Esses são os aspectos políticos, mas, há também os quesitos humanos neste solo da maternidade. Há, pasmem, mães que detestam seus filhos. Há mães que amam seus filhos e detestam serem mães. Há mães que amam seus filhos e a maternidade. A mulher mãe é um sujeito que se compõe em atravessamentos muitos. Escapulimos do já posto presente nas tão difundidas narrativas religiosas, publicitárias ou psicanalíticas. 

Uma mãe sempre irá se sentir inadequada. A mãe sempre irá sentir que você já não confia que ela possa entregar o trabalho no prazo. A mãe sabe muito bem que você acha que agora ela está mais propensa a se deixar levar pelo emocional. Afinal, a mãe, essa instável. Sugiro que assistam Maid, A Filha Perdida e Mães Paralelas na próxima busca audiovisual. Sugiro que vejam nossos filhos como responsabilidade de uma sociedade inteira. Sugiro que não descartem nossa existência depois que nosso corpo reproduz. Sugiro que não coloquem a maternidade como realização ou irrealização feminina. A maternidade escapa. 

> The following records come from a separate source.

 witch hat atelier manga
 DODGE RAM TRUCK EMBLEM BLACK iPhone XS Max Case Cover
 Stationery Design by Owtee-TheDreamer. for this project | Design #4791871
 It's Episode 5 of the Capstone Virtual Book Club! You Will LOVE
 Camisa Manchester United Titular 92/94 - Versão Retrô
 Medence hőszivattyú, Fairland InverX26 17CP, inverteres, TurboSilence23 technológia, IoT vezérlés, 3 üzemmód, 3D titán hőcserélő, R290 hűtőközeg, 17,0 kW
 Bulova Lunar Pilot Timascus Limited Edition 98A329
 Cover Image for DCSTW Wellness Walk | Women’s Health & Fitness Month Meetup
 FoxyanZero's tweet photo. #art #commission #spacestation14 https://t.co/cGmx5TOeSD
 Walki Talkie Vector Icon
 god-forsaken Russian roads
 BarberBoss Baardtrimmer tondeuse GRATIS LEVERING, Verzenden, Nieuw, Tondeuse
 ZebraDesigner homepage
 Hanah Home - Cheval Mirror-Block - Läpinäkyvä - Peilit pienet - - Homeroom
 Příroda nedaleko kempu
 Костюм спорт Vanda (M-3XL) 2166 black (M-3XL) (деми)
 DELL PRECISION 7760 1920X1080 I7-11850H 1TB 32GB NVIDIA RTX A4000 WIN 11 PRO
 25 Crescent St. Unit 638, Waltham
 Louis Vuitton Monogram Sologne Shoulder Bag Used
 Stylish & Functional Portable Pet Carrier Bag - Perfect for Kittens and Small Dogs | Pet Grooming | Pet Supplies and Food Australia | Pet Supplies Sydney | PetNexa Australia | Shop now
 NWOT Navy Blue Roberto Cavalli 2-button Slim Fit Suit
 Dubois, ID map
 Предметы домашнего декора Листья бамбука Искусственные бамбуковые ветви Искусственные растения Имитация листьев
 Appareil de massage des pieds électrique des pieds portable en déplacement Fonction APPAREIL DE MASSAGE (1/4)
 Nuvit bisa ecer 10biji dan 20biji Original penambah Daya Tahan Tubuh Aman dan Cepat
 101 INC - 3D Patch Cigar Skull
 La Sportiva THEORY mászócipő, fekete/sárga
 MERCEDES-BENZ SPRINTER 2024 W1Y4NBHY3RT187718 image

A mãe quer estudar, quer trabalhar, quer fazer dinheiro, quer ser e estar em completude. A mãe embala a cria e sente seu coração bater em uníssono com aquele ser que, na maioria das vezes, ela ama perdidamente. A mãe pode querer se contorcer numa siririca num domingo de neblina. A mãe escreve teorias. A mãe compõe. A mãe cozinha. A mãe sente os coágulos de sangue escorrendo entre as pernas no pós parto a cada vez que o bebê suga sua mama. A mãe possibilita o trabalho masculino. A mãe lida com a filha que foi e com a mãe que teve. A mãe toca o barco. A mãe salta no bote. Agora, veja bem, se tudo continua é porque a mãe faz continuar. E a mãe, ainda que vocês pensem que estão fingindo bem, sabe que vocês melhor achariam se alí ela não estivesse.